Last week I travelled to Lausanne to cover the International Association of Athletics Federations Diamond League meeting there, and as I walked down in blazing sunshine from the station to the athletes' hotel by the side of Lake Leman, I passed cafes full of intent television viewers. Switzerland were playing Sweden in their World Cup match of 16.
On a stretch of grass by a junction, family groups sat at trestle tables in front of a big screen, drinking, eating, enjoying the sun - if not the way the match was going.
By the lake itself, a FanZone with a far larger screen heaved with supporters for whom excitement, in the face of obdurate Swedish defence, was already morphing into resignation. But nobody was leaving.
Three days later, my return journey took me through Paris, and as I emerged from the Metro into the dazzling bustle of Boulevard Edgar Quinet, my senses were assailed by a huge roar to my right - and, a fraction of a second later, to two others across the street.
Albeit that live streaming - legal or otherwise - probably explained the time lapse, the prompt to the thousands of French supporters settled in front of TV screens in the bars and open-air restaurants along the route was identical - Raphael Varane had headed France into a 1-0 lead in their World Cup quarter-final against Uruguay.
At such moments, huge groups of disparate people come together. And if they are sitting in the sun with a beer in front of them and a face daubed with national colours, so much the better. Such is the power of football, the power of sport…

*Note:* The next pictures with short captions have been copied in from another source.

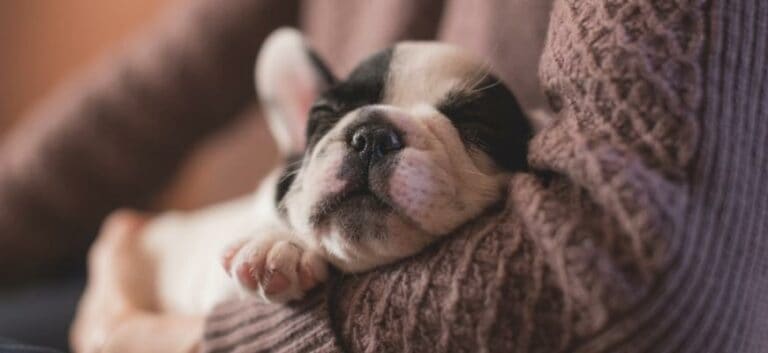 White and Black Puppy sleeping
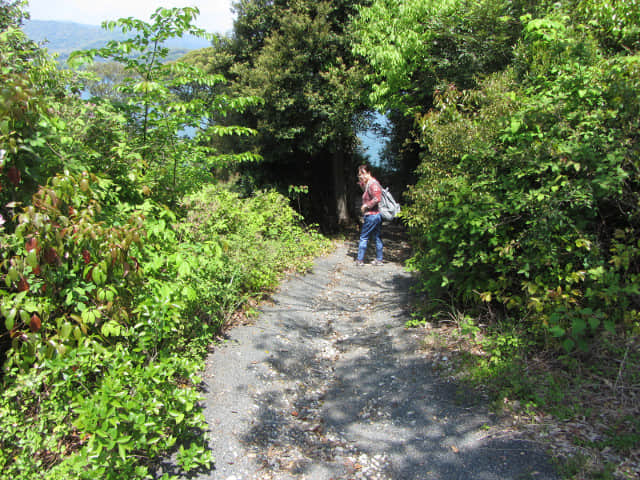 濱松舘山 周遊道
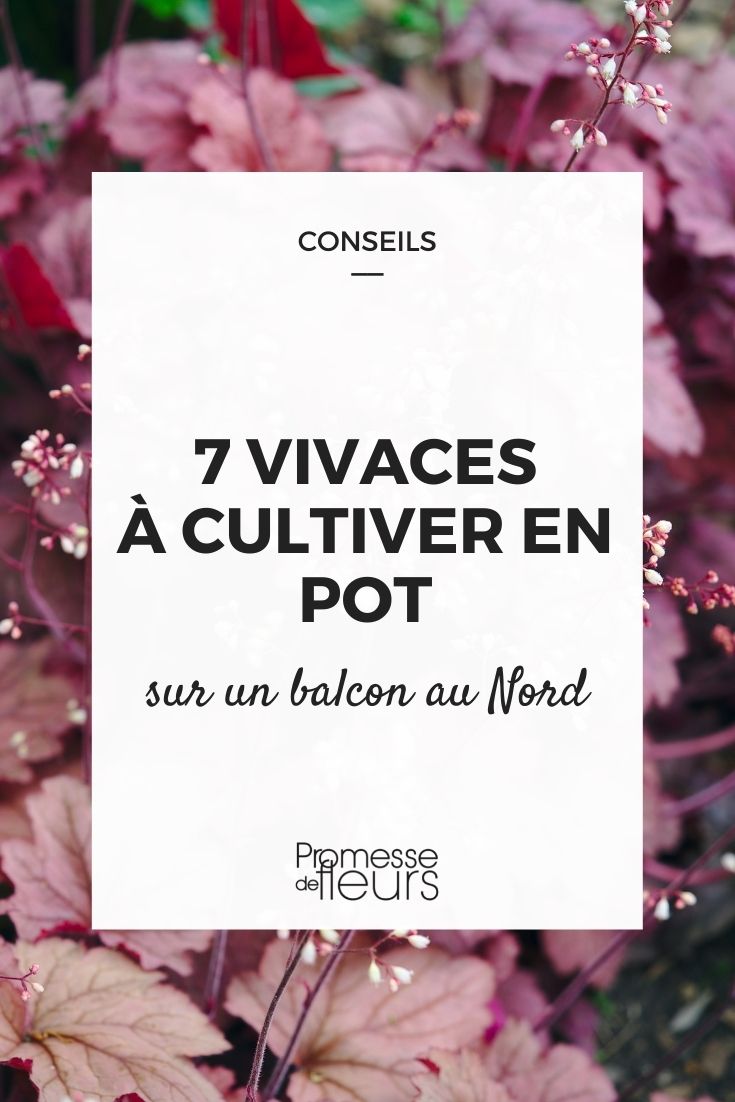 Vivaces en maceta en un balcón orientado al norte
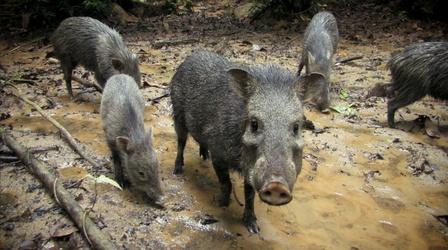 Video thumbnail: Nature What’s this bristly-looking pig?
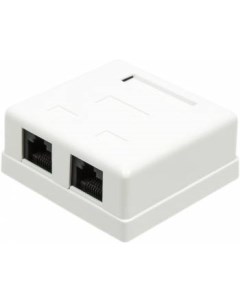 Компьютерная розетка настенная SM2 4545 S6 WH 2 порта RJ 45 категории 6 STP белая Twt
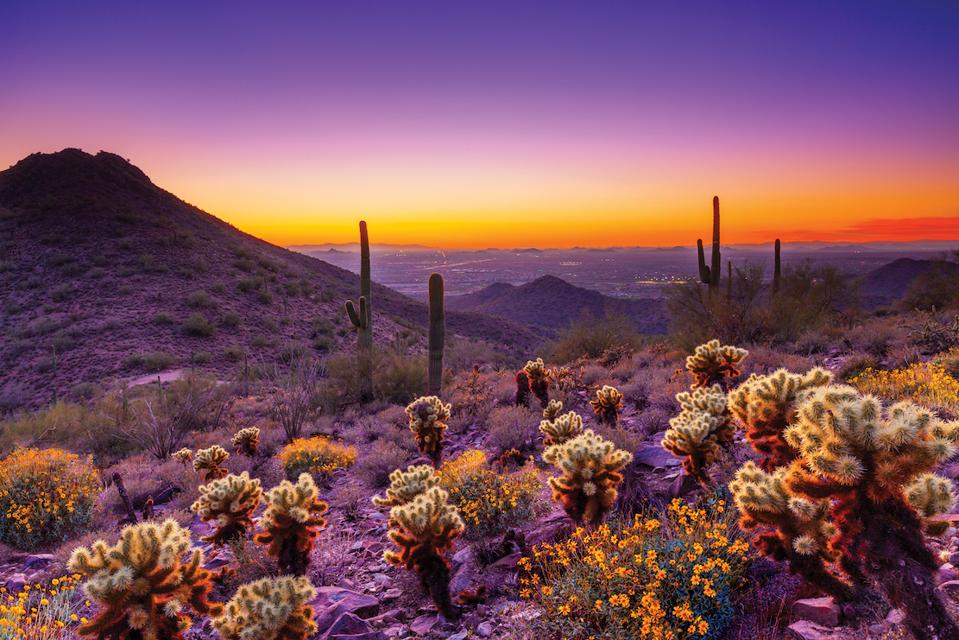 A Trifecta Of Art Architecture And Natural Landscape Is The Real Draw Of Scottsdale Arizona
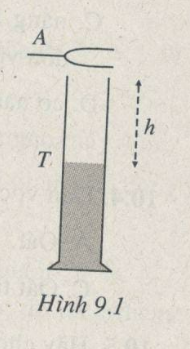 Giải bài tập SBT Vật lý 12 bài 9: Sóng dừng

England followers who watched Gareth Southgate's enterprising young side come up marginally short in last night's semi-final against a guileful Croatian team will have been left - in the sudden-deathless words of that inspired Englishman John Cooper Clarke - "feeling like a sucked and spat-out Smartie".
It is just the players who will be coming home - but they have done their nation proud at a time when it is finding little of which to be proud of in its political life.
Fleetingly perhaps - although some memories never diminish - sport can offer society models of aspiration. For French society in the past weeks there has been a rapt focus on a young, multi-racial unit working harmoniously towards a common goal. Who knows how that alters perceptions, re-orientates opinions?
At a more measureable level, TV viewing figures in England have pointed towards a more immediate change. Almost 24 million viewers tuned in to watch them win their round-of-16 match against Colombia, but that number fell to almost 20 million for the quarter-final.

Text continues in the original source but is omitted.